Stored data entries
= = = = = = =

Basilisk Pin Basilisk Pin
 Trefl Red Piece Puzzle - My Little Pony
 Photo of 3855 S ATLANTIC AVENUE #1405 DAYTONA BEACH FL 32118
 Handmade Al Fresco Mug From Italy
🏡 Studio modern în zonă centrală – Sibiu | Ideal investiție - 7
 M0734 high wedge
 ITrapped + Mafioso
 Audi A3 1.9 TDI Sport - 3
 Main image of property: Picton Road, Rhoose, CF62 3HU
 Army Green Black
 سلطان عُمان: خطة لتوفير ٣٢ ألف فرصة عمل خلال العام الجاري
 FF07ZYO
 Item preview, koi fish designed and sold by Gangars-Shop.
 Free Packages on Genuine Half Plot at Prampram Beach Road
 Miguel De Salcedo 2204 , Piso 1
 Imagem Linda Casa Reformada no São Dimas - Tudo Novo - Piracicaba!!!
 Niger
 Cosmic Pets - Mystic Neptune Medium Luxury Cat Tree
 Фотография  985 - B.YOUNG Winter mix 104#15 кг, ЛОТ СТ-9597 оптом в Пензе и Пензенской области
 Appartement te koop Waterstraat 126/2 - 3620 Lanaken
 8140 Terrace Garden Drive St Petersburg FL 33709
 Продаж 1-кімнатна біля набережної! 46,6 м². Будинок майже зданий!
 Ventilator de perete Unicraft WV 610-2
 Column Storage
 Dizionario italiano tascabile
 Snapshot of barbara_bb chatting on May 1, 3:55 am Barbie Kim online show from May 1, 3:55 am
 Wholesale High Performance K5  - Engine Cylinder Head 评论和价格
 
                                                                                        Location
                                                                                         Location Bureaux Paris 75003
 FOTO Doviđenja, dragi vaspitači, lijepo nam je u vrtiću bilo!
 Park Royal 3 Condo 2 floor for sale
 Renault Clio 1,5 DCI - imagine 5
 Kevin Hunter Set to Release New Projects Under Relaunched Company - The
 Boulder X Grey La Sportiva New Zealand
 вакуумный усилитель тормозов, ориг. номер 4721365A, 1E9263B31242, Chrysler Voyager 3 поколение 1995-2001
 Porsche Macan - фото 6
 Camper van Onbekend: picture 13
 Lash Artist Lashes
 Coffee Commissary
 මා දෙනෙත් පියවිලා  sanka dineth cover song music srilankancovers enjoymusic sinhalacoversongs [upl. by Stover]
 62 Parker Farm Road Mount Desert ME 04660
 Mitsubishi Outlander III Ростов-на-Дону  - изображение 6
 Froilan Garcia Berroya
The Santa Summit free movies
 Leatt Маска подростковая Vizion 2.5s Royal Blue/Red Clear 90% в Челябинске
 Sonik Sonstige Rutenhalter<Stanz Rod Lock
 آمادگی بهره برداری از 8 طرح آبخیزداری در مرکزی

= = = = = = =

What the exercise asks: In how many lines above does the word "Royal" appear? Answer with only the number.

Exercise output: 2